Unveiling the nuclear matter EoS from neutron star properties: a supervised machine learning approach

TL;DR

This paper employs supervised machine learning to accurately map neutron star observables to nuclear matter equations of state, enabling improved understanding of nuclear physics through astrophysical data.

Contribution

It introduces a machine learning framework that captures complex non-linear relationships between neutron star properties and nuclear matter parameters, surpassing previous linear approximation methods.

Findings

High-accuracy non-linear maps between NS observables and EoS

Identification of key nuclear matter parameters affecting NS properties

Predictions of star constraints based on learned models

Abstract

We explore supervised machine learning methods in extracting the non-linear maps between neutron stars (NS) observables and the equation of state (EoS) of nuclear matter.
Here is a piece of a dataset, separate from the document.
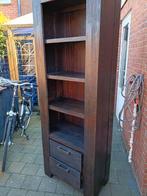 2 kasten en een tafel, Ophalen of Verzenden, Gebruikt, 25 tot 50 cm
Using a Taylor expansion around saturation density, we have generated a set of model independent EoS describing stellar matter constrained by nuclear matter parameters that are thermodynamically consistent, causal, and consistent with astrophysical observations. From this set, the full non-linear dependencies of the NS tidal deformability and radius on the nuclear matter parameters were learned using two distinct machine learning methods. Due to the high accuracy of the learned non-linear maps, we were able to analyze the impact of each nuclear matter parameter on the NS observables, identify dependencies on the EoS properties beyond linear correlations and predict which stars allow us to draw strong constraints.